Menachem Begin

Menachem Begin

Menachem Begin, the son of Jewish parents, was born in Russia in 1913. During the First World War Begin was forced to flee with his family to escape from the German Army.

Begin, a staunch Zionist, joined the Betar youth movement and in 1931 became head of the organization. When Poland was invaded by Germany in 1939 Begin fled to Lithuania. He was captured by the Red Army and sent to Siberia. After the invasion of the German Army in 1941 Begin was released.

In 1942 Begin moved to Palestine where he eventually became Commander-in-Chief of the Irgun Zvai Leumi resistance movement. Over the next five years he organized over 200 acts of terrorism including the destruction of the central British administrative offices in the King David Hotel. The explosion killed ninety-one people.

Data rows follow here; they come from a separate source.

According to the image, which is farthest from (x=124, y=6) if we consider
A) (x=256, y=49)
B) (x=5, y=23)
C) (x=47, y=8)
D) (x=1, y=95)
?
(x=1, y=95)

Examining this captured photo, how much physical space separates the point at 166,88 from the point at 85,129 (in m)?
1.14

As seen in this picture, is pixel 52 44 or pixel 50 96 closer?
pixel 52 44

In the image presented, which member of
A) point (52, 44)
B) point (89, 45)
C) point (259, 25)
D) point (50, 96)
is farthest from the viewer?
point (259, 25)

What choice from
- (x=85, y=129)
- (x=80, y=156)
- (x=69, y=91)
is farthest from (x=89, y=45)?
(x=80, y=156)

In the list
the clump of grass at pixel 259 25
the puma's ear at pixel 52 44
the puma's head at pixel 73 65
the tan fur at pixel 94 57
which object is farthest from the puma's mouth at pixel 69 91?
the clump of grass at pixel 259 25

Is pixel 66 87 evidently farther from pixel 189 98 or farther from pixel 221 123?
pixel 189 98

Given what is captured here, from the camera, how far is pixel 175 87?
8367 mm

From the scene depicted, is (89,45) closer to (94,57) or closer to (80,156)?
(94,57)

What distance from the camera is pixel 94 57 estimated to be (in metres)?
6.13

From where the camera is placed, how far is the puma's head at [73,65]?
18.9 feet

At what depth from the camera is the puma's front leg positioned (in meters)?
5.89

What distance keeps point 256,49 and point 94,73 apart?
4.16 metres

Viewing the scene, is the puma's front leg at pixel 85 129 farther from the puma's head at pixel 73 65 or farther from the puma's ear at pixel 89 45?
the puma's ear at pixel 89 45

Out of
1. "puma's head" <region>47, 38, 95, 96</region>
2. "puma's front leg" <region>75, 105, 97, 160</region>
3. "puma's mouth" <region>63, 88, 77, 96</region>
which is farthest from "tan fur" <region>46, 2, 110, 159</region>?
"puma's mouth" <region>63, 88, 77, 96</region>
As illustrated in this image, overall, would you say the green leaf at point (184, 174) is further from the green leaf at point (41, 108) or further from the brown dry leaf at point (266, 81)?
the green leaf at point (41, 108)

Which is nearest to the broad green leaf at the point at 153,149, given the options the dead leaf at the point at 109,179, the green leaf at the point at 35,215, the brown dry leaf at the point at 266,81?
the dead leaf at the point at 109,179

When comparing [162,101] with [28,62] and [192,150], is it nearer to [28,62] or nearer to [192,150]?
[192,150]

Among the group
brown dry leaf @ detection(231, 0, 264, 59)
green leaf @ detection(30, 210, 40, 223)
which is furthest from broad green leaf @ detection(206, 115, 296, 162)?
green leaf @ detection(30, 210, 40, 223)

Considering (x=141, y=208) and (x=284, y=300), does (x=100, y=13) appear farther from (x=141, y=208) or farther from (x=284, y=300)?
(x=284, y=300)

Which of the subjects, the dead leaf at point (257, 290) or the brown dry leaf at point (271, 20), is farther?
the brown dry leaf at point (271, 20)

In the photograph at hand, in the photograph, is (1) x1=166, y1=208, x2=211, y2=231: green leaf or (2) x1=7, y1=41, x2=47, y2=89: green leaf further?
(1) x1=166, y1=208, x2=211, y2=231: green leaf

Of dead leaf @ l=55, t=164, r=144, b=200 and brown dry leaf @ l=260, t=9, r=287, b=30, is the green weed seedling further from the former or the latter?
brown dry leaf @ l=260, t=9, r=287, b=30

The Jewish state of Israel was established on 14th May 1948 when the British mandate over Palestine came to an end. Begin founded the right-wing Herut Freedom Movement and was elected to the Knesset.

In 1973 the Herut Party joined forces with two other parties to form the Likud Front. Begin became leader of this new nationalist party and following the 1977 elections became Israel's new prime minister.

In September 1978, with the support of Jimmy Carter, the president of the United States, Begin and Anwar Sadat of Egypt signed a peace treaty between the two countries. As a result both men shared the Nobel Peace Prize.

In 1981 Begin ordered the bombing of the Osirak Nuclear Reactor in Iraq. Although criticised for this action, Begin argued that he had succeeded in hampering Iraq's attempt to acquire nuclear weapons.

Menachem Begin resigned from office in 1983. He retired from public life and lived in Jerusalem until his death on 9th March, 1992.